Python HTTP Agent Parser

http://pypi.python.org/pypi/httpagentparser/

MIT License

222 stars 55 forks source link

Improper parsing for Windows NT #4

Closed brunobraga closed 13 years ago

brunobraga commented 13 years ago

Hei Shon,

First of all, thanks for sharing this! I was looking for an agent parser, and found out your lib in python.org.

I don't know if you are aware of this or not, but I was running some tests and found some inconsistent parsing on the following user-agent:

import httpagentparser s = "Mozilla/5.0 (Windows NT 5.1) AppleWebKit/534.24 (KHTML, like Gecko) Chrome/11.0.696.60 Safari/534.24" print httpagentparser.detect(s) {'os': {'version': 'NT 5.1) AppleWebKit/534.24 (KHTML, like Gecko) Chrome/11.0.696.60 Safari/534.24', 'name': 'Windows'}, 'browser': {'version': '11.0.696.60', 'name': 'Chrome'}}

My computer is running Windows XP SP3, using Chrome 11.0.696.60. All other tests (Linux and Mac) went ok, just so you know.

I took the liberty to write a patch for this, so I pulling it to your code later on.

Thanks,

brunobraga commented 13 years ago

Maybe a good idea would be to use a site like: http://www.useragentstring.com/pages/Browserlist/ to fully execute a unit-test on this (maybe in a separate test.py file).

shon commented 13 years ago

Thanks brunobraga for reporting this and sure a patch is welcome.
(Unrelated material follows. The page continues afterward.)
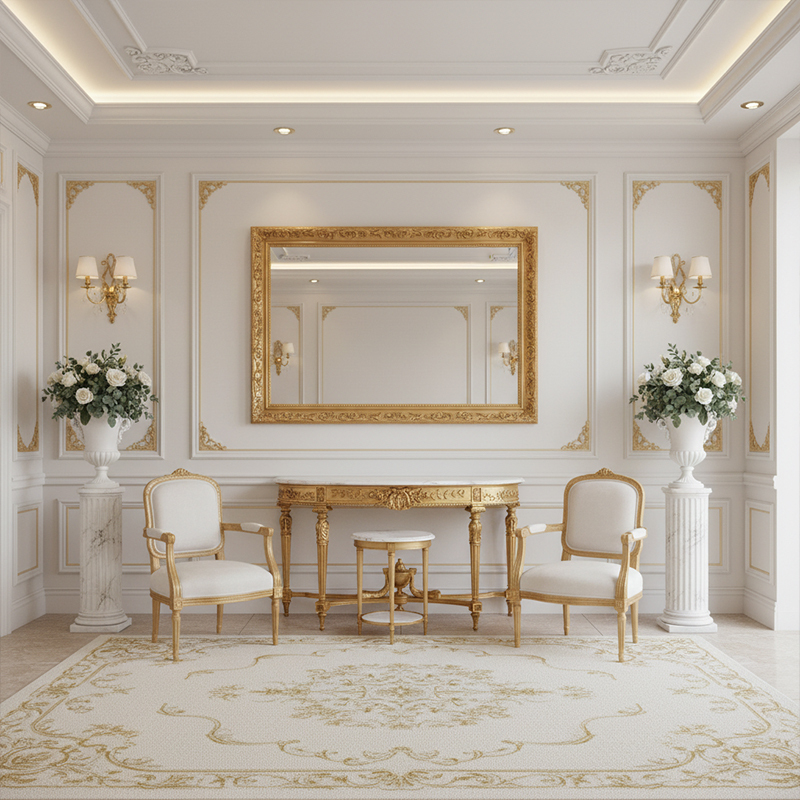 EKAR Furniture | Versailles Royal Gilded Console Table – Luxury French Classical Entryway Decor,MY SHOP,EKAR Furniture | Versailles Royal Gilded Console Table – Luxury French Classical Entryway Decor,foshan furniture factory,custom Furniture factory,china furniture factory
Bit busy atm, but will think about your other idea about test.py or may be you can contribute if possible.

brunobraga commented 13 years ago

Commited. https://github.com/brunobraga/httpagentparser/commit/13ee456d6976ad996822bfdc22f49cfc36033878

This issue is covered in line 195:

-        return agent.split('Windows')[-1].split(';')[0].strip()
+        temp = agent.split('Windows')[-1]
+        if temp.find(";") > -1:
+            return temp.split(';')[0].strip()
+        else:
+            return temp.split(')')[0].strip()
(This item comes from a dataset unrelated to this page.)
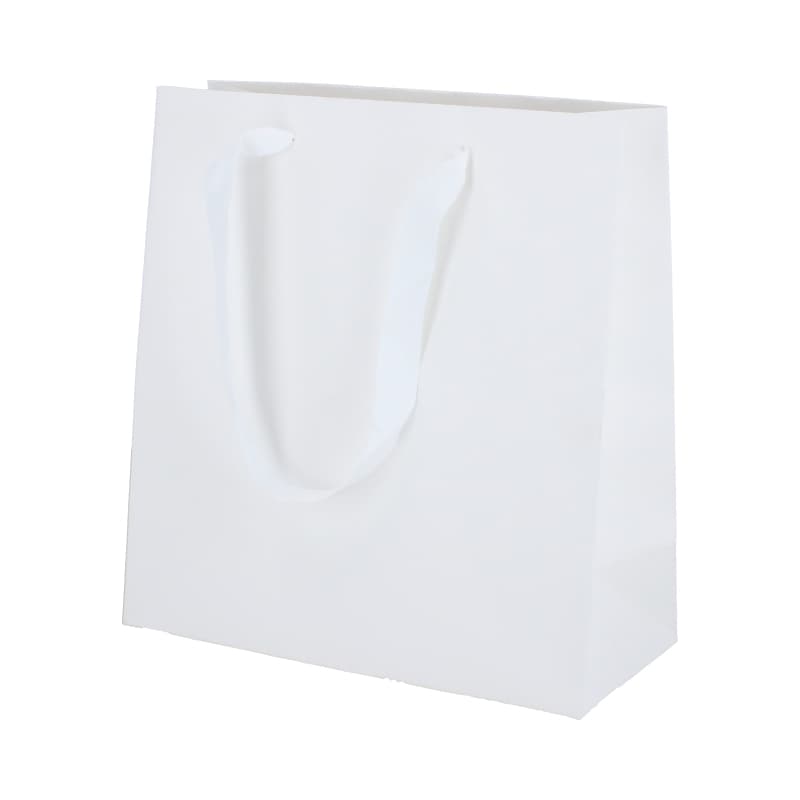 Papieren draagtassen - A5 - Wit kraft - Couture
brunobraga commented 13 years ago

Hei shon,

I was looking more carefully at the web-site from previous comment, and found they have an API... http://www.useragentstring.com/?getJSON=all

Although we can not rely on third-party for a lib, it may be a nice approach to avoid handling all weird cases out there.

shon commented 13 years ago

Hi brunobraga,

New version with this fix is now available on pypi. Your suggestion about useragentstring.com is useful, thanks. Rightnow I am busy into some other things so will think about it later. Or better if somebody volunteers for it.

Cheers!